G: How did you come to form Fushitsusha? H: There were lots of musicians living in Fussa at the time, so I got to know lots of them. One of the people I met was (Shūhei) Takashima. He ended up coming to see me play solo at Minor and out of the blue he said that I should let him play drums. Like he was the only possible drummer for me. So I thought OK, if you’re that sure of it, go ahead. G: Were you already planning on putting a group together? H: I wanted to form a group, yes. I think I was already playing in the duo with Shiraishi by then. G: So the first version of Fushitsusha was a duo with Shiraishi? H: That’s right. He played synth. G: And when did you start using Fushitsusha as the name for the group?
H: I can’t remember if I decided to retrospectively call it Fushitsusha or if I decided that was what I would call my next group. I really can’t remember.
G: There was that manifesto that talked about the beginning of Fushitsusha that you wrote in Amalgam, the bulletin that Satō published at Minor[4]. So you must have already had the name then.
H: It’s unclear if there were any members in the group when I wrote that.
G: It would have been around the same time that you were playing with Shiraishi. That was the time when you were referring to yourself as “watashi yo”[5].
H: Show me?
G: How did you move from “watashi yo” to the album title Watashi Dake? That decision to add “yo” to “watashi”, to my mind that signals that you weren’t using it as a simple personal pronoun. Is there a link between that and Watashi Dake?
H: They’re not exactly the same. I was using “watashi yo” from the time of Amanogawa(1973), as a kind of penname. In reality, the full name was much longer – “Gods’ Orchestra White Watashi Yo”. I wanted to draw a distinction between the kind of particles that people usually use (after personal pronouns) in Japanese – wa, ga, mo, ni [6]. That was why I decided to use yo. At that the time I think that I used to say to people that “watashi yo” would be doing whatever. That’s exactly how I used it in that text (the manifesto).
G: Was there something conscious behind “watashi yo” becoming just Watashi?
H: No one got it. People would keep saying “what?” I wouldn’t say “watashi ga”, I’d say “watashi yo ga” and they’d look at me weirdly.

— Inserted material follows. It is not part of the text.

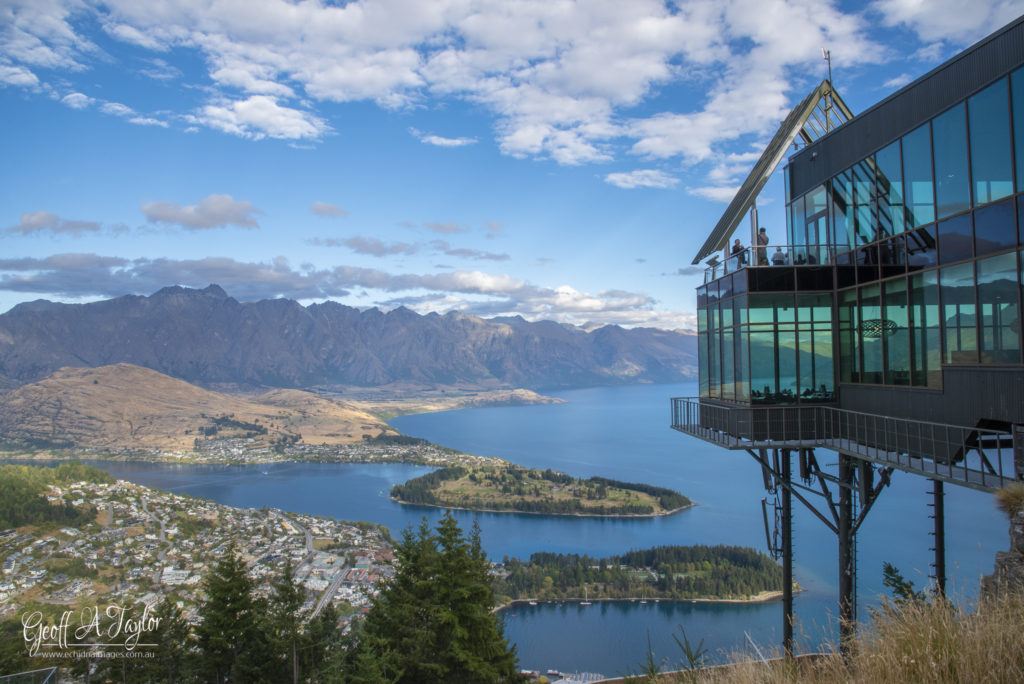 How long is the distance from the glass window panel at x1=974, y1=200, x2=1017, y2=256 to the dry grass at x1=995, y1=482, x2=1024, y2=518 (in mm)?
3275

G: Just to clarify: so you’d been playing solo for a long time, then you had that break when you stopped playing shows, and you were studying breathing and rhythm and jazz. And it was then that you used “watashi yo”? Then when you started to play live again (at Minor), you stopped needing it?
H: No, I still used it at the start, when I was playing at Minor.
G: But once you had started Fushitsusha, it started getting tedious, or might it be better to say that the idea of watashi wa watashi (I am I) began to sprout in your mind?
H: That’s right.
G: In that sense, when you had been using yo then you dropped it, your choice of Watashi Dake? as a title and the decision to add a question mark feels very meaningful. Anyway, going back, so you started playing with Fushitsusha, and you were also playing solo?
H: Fushitsusha starts around ’77. But for me, internally, it began before that but there were no members. When I played solo, there was nothing to say it was Fushitsusha, but for me inside it was, even if I was playing solo. So the first version of Fushitsusha was me solo. Fushitsusha the word is not plural, it’s not like Fushitsushas.
G: Yes, it’s singular.
H: But at the same time I never want to hear anyone saying “The Fushitsusha”.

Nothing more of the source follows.